● Data provided:
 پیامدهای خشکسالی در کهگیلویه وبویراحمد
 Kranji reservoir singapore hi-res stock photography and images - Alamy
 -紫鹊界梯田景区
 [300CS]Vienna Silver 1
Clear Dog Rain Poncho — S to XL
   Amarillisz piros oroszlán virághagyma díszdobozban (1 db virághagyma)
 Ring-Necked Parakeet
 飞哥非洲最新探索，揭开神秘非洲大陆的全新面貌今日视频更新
* * *
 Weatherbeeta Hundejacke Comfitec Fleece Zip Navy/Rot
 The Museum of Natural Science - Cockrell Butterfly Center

● Task brief: Transcribe the lines above between the line holding "Ring-Necked Parakeet" and the line holding "飞哥非洲最新探索，揭开神秘非洲大陆的全新面貌今日视频更新", inclusive, exactly as they stand and with nothing added.

● Your solution:
 Ring-Necked Parakeet
 飞哥非洲最新探索，揭开神秘非洲大陆的全新面貌今日视频更新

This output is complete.